The use of the word "roots" in reference to one's ethnic origins has been around since at least the 1800s, and you'll find any number of newspaper articles published prior to Haley's book that use "roots" as another way of referring to genealogy. For example, a January 1976 article in the New York Times (Haley's book was published in August 1976) has the headline "D.A.R. Aids Families In Tracing Genealogy; Preoccupation With Roots Tracing Not Easy".

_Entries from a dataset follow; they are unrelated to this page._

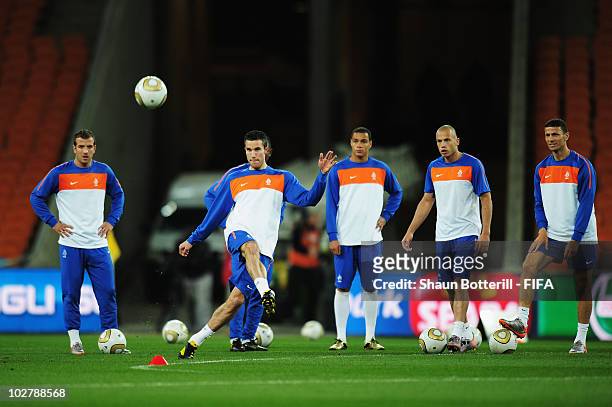 Robin Van Persie of the Netherlands passes the ball as team mates Rafael Van der Vaart, Gregory Van Der Wiel, Johnny Heitinga and Khalid Boulahrouz...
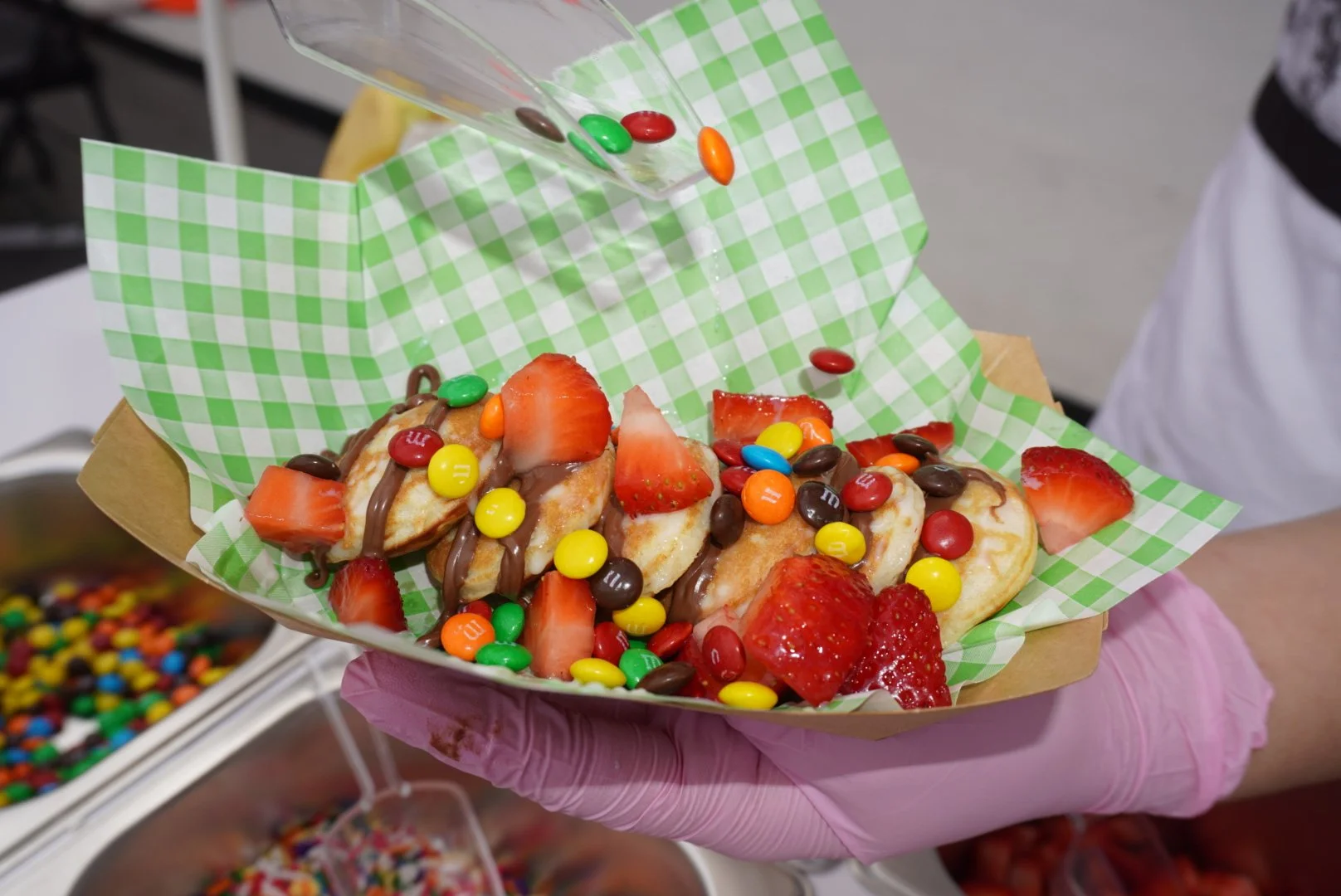A person holding a tray with mini waffles topped with sliced strawberries, chocolate drizzle, and M&M candies, with more M&Ms in a container nearby.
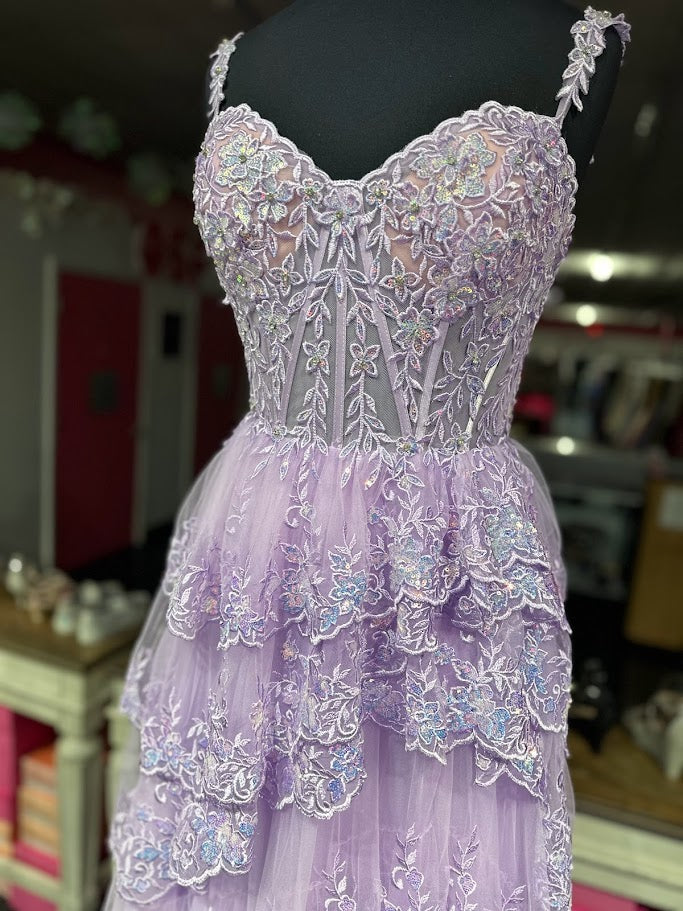 The Jovani 36687 is a breathtaking prom dress that belongs to the formal collection, designed to make a lasting impression at any special occasion. This enchanting gown is made from delicate tulle, a fabric known for its ethereal and lightweight quality.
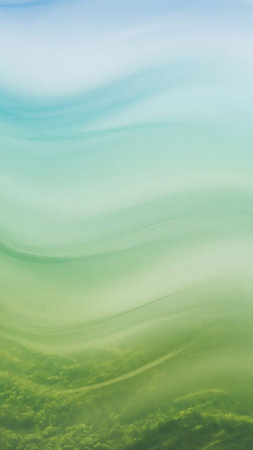 An abstract, wavy background with soft blending of blue, teal, and green tones creates a serene and organic feel.の素材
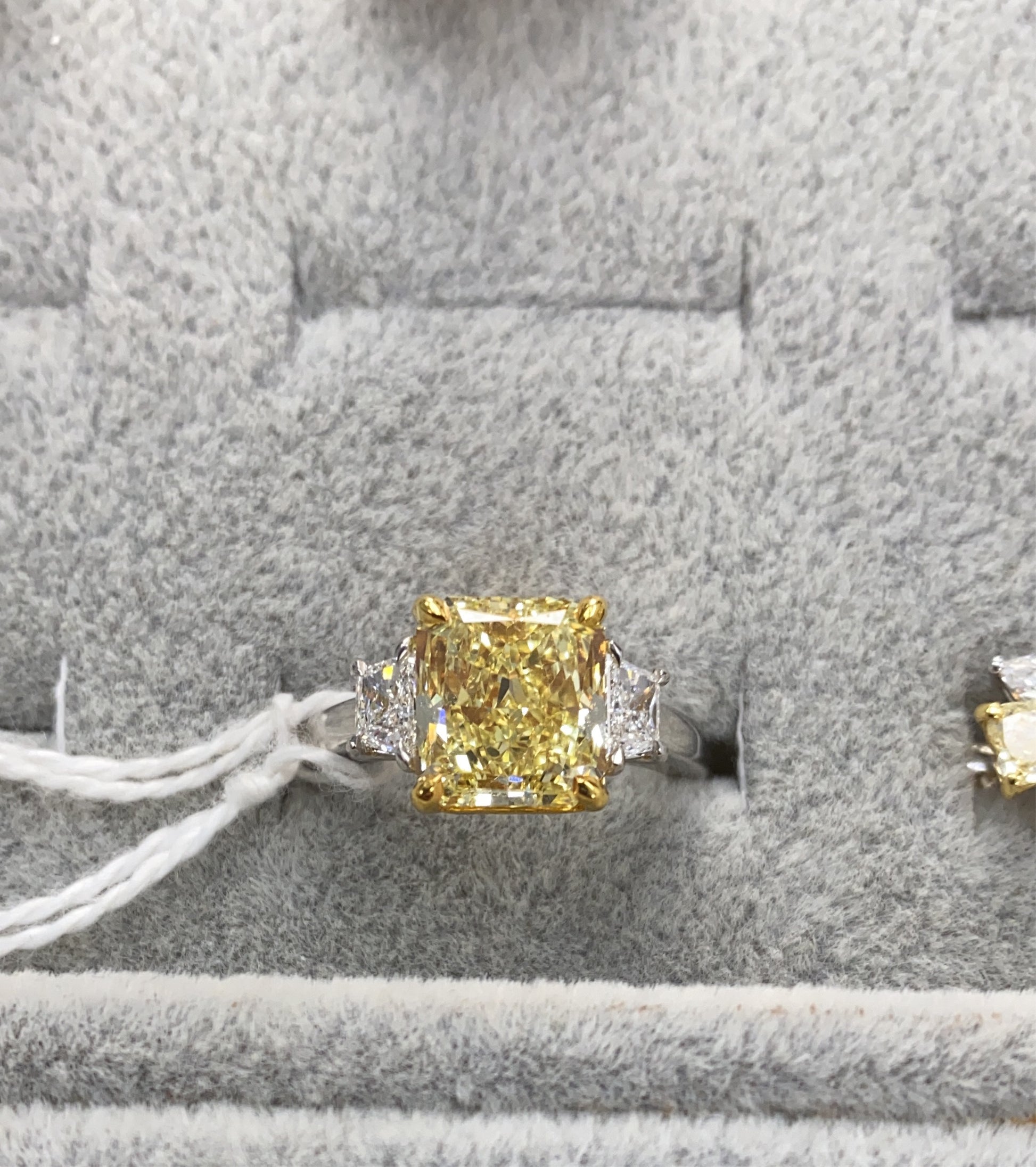 Fancy intense yellow diamond ring. Yellow diamond engagement ring. Yellow diamond jewelry. Yellow cushion cut diamond. Canary yellow diamond ring.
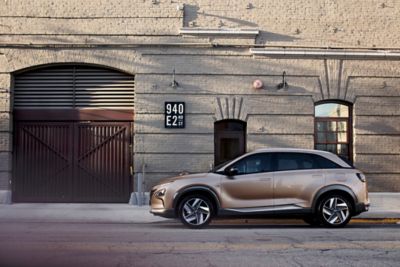 Hyundai NEXO Fuel Cell Electric Vehicle parked on a city street.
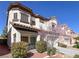 Charming two-story home featuring a manicured front yard and a two-car garage at 10783 Vestone St, Las Vegas, NV 89141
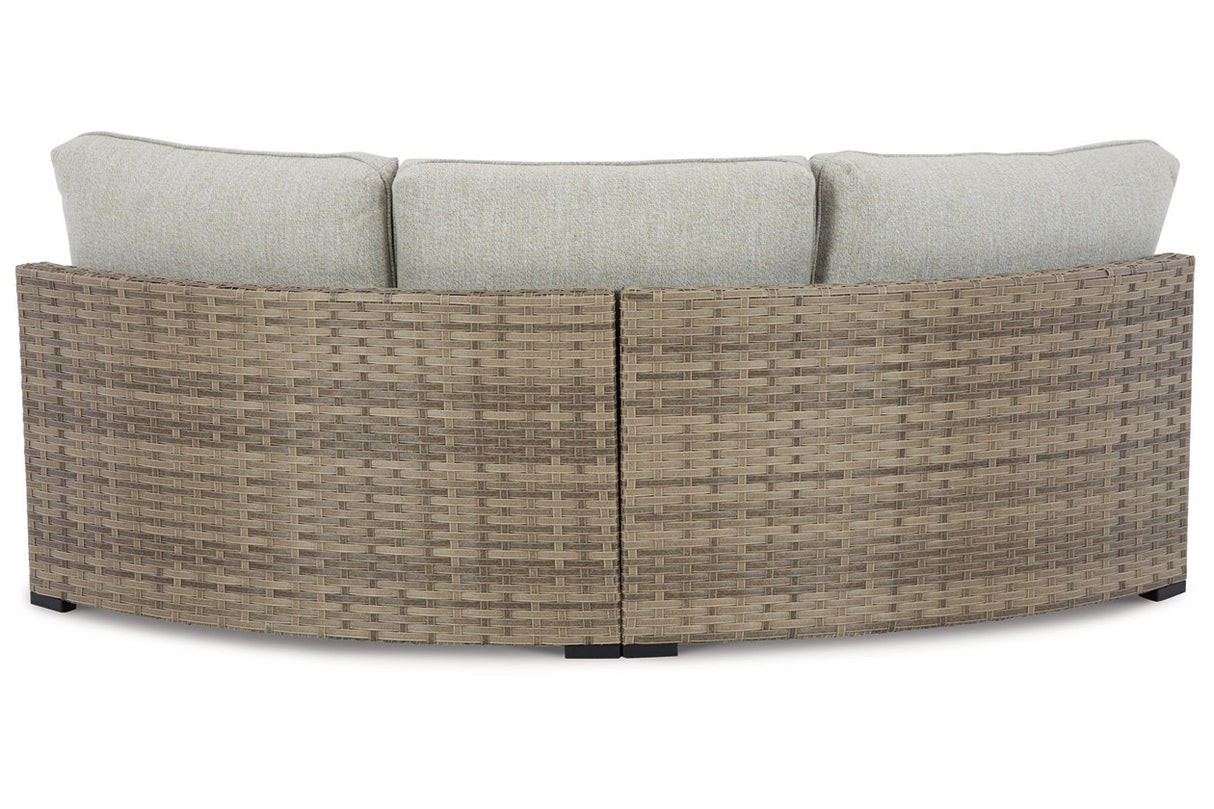 Calworth Beige Outdoor Curved Loveseat with Cushion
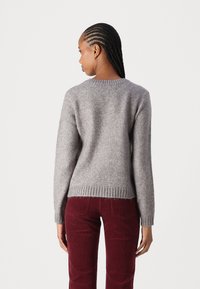 Suéter gris de punto con cuello redondo, dobladillo acanalado y mangas largas, combinado con pantalones de pana burdeos. Acabado de tela texturizada.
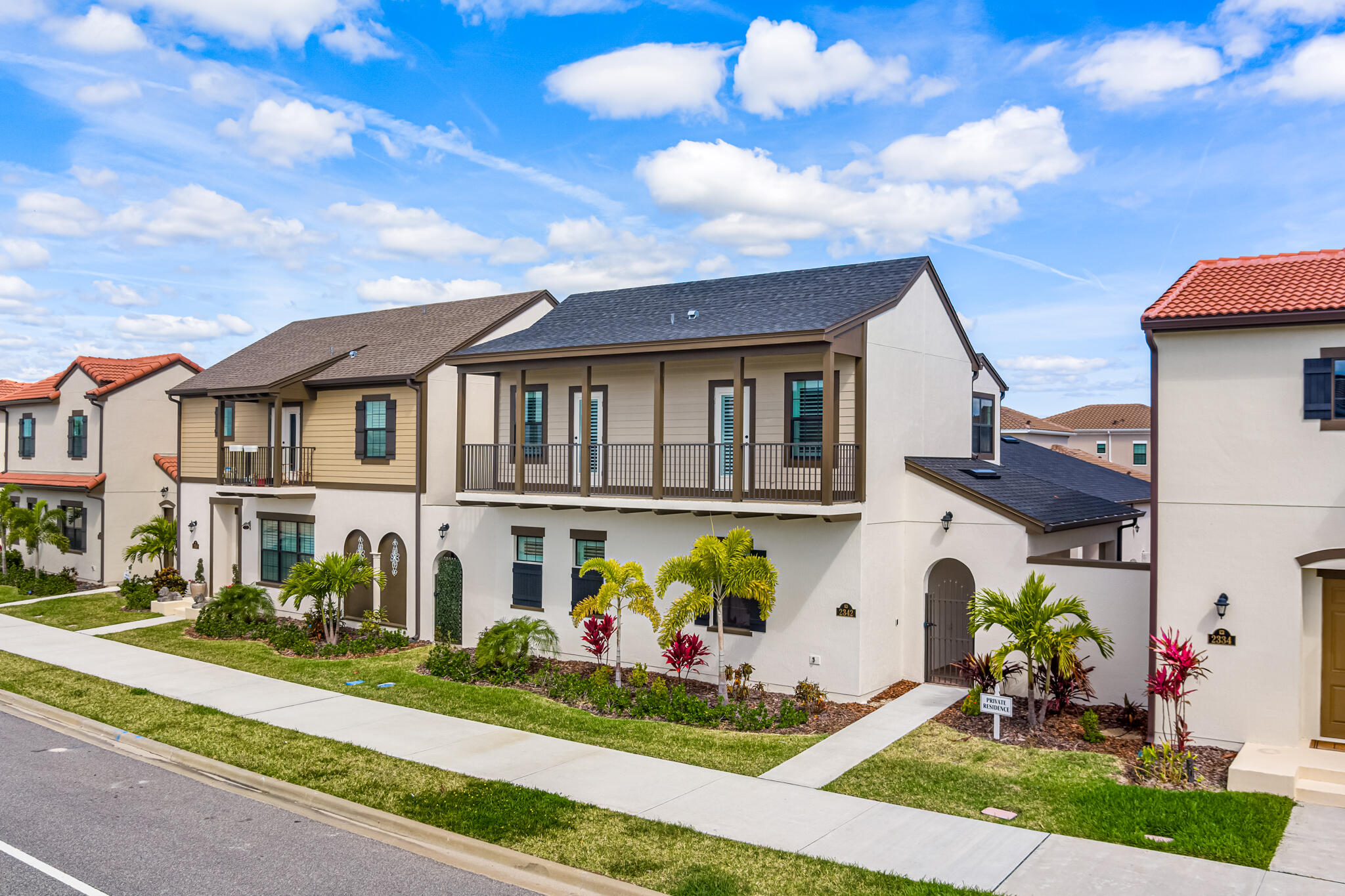 2342 Addison Drive Melbourne, FL 32940 - Photo 55 of 69 a front view of a house with a garden and plants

Regardless, I highly recommend the book, and I look forward to future books that take a look back at how genealogical research got to where it is today.

Sunday, April 01, 2012

The 1940 census - Who will be in it?

Given that tomorrow is the "big day" (at least insofar as American genealogy is concerned), I thought I would consider who I will look for in the 1940 U.S. Federal census. Both my parents should be in it (single, as they married in 1943). So I'll be looking for Dad in Newark, New Jersey (this may be tough given the size of the city), and Mom in Newberry, South Carolina (much easier, as it was a small town and I know where she was living 10 years earlier). All 4 of my grandparents should be in it (Dad's parents in Newark, Mom's parents in Newberry), as well as both of my paternal great-grandmothers (probably both in Newark). After those essential 8 individuals, I can look for a large number of aunts and uncles and cousins. UPDATE: It looks like I'll want to be looking at ED 25-73 and ED 25-76 for Newark, as their border runs along Chambers Street, where a lot of my Smith ancestors lived.

Saturday, March 31, 2012

Patents - Your Inventive Ancestors

Did your ancestor invent something? You might be surprised if you've never previously searched the U.S. Patent Office database for your ancestor's name. My brother Jeff and I have recently been discussing our Smith ancestors, who operated a large glass bending and beveling company in Newark, New Jersey during the late 19th and early 20th century. Jeff discovered that our great-grandfather, Charles Henry Smith, had a patent for a glass-beveling machine (Patent #673298, issued April 30, 1901). I decided to see if great-granddad (or any of the other Smiths) had any other patents associated with the business, so I searched using Google Patent Search at, and discovered an earlier patent (#373695, issued November 22, 1887) for a glass bending and annealing furnace. If you've discovered a patent among your ancestors, why not tell me about it in a comment?

Sunday, March 25, 2012

Citing sources on a blog

I was fortunate enough to have the opportunity last Monday to present a webinar for the folks of the Georgia Genealogical Society on the topic of using a blog as a genealogical research log, and the questions asked by attendees (where there wasn't enough time to answer them during the presentation) were sent to me by Linda Geiger, so that I could address them here on my own blog.  So here we go:

The question was asked whether or not one would cite sources on a blog.  Absolutely!  You could do this in one of two ways.  You could either do it somewhat formally by following an accepted standard (such as the one documented in Elizabeth Shown Mills' Evidence Explained) and including that at the end of the posting (or parenthetically in the text of the posting adjacent to the fact being cited), or somewhat informally by providing the details for the citation as part of the discussion of the information and its source.  Because the typical blog posting is generally only about a screenful in length, either method would work.  What is important is that the reader can accurately link the citation to the information provided in the posting. You don't want to run the risk of the information getting separated from its source.

For instance, I might talk about my great-great-grandmother Mary Ann Reilly Smith, and refer to some facts about her life in this way: "I recently learned some new information about my great-great-grandmother from an article entitled "One Woman's Work" in the (Newark, NJ) Sunday Call, September 28, 1890, page 9, column 3.  It said...".  Even better would be to include a link to the source or to include the image of the source itself in the posting.